After showing a strong move to the upside at the start of trading on Monday, treasuries gave back ground over the course of the session.
Bond prices pulled back well off their initial highs, ending the day nearly unchanged. Subsequently, the yield on the benchmark ten-year note, which moves opposite of its price, edged down by less than a basis point to 0.941 percent after hitting a low of 0.895 percent.
Treasuries initially benefitted from their appeal as a safe haven amid concerns about a new coronavirus strain in the U.K., with the variant said to be 70 percent more infectious than the original strain.
The news of the new strain led Canada as well as several European countries, including Germany, France, Italy and the Netherlands, to order a suspension of flights from Britain.
More than 16 million Britons are now required to stay at home as a full lockdown came into force in London and the southeast of England.
Buying interest waned over the course of the session, however, as traders also reacted to news that Congressional leaders have reached an agreement on a new $900 billion relief package.
The bill will purportedly provide more federal assistance to small businesses, healthcare providers, and the unemployed and includes direct payments worth up to $600 per adult and child.

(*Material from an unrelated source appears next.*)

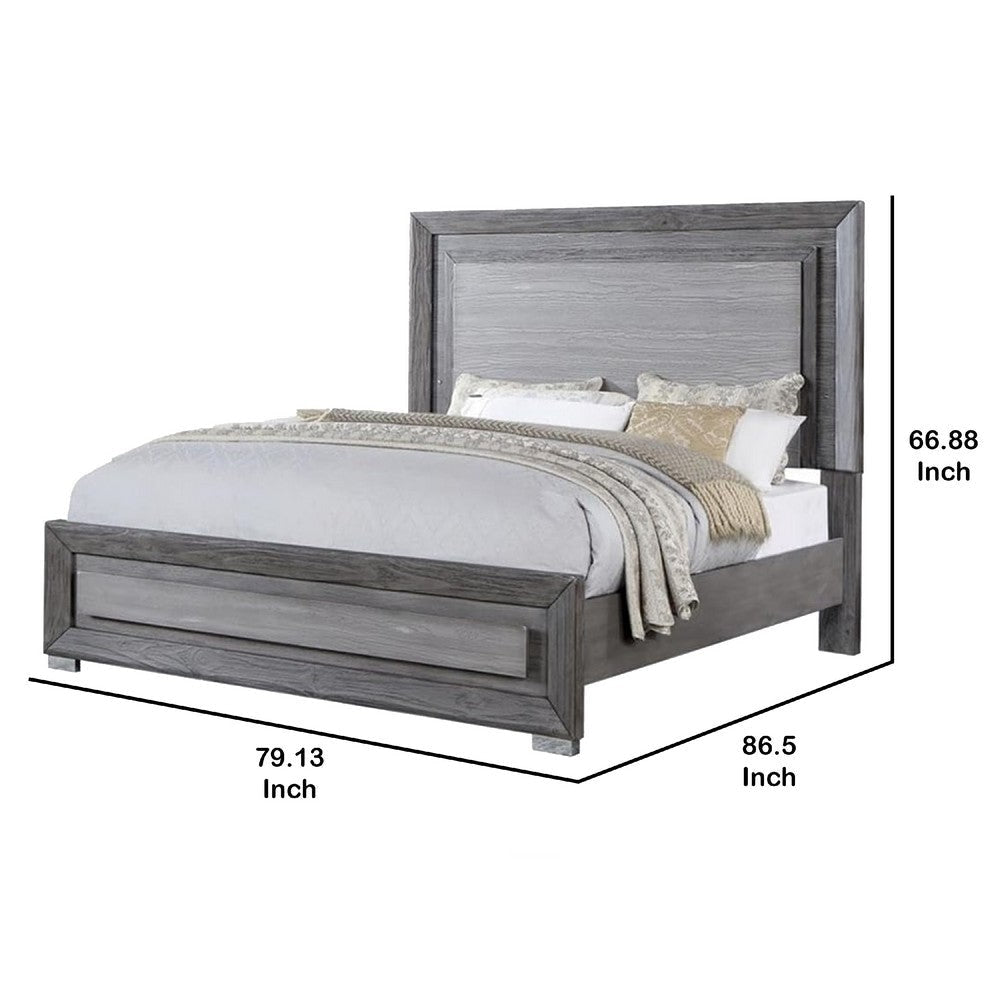 Reno King Bed w LED Headboard & Metal Bracket Legs | Gray Wood BM342599
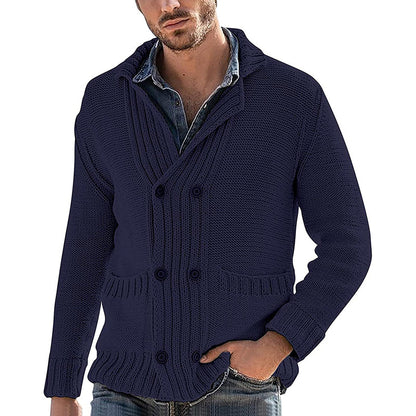 Men’s Fashion Solid Color Lapel Long Sleeve Knit Jacket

“As the American people continue battling the coronavirus this holiday season, they will not be on their own,” Senate Majority Leader Mitch McConnell, R-Ken., said in a post on Twitter.
He added, “Congress has just reached an agreement. We will pass another rescue package ASAP. More help is on the way.”
House Speaker Nancy Pelosi, D-Calif., and Senate Minority Leader Chuck Schumer, D-N.Y., expressed support for the bill but said they plan to push for more relief once President-elect Joe Biden is sworn in.
News on the coronavirus front may attract attention on Tuesday, while traders are also likely to keep an eye on reports on consumer confidence and existing home sales.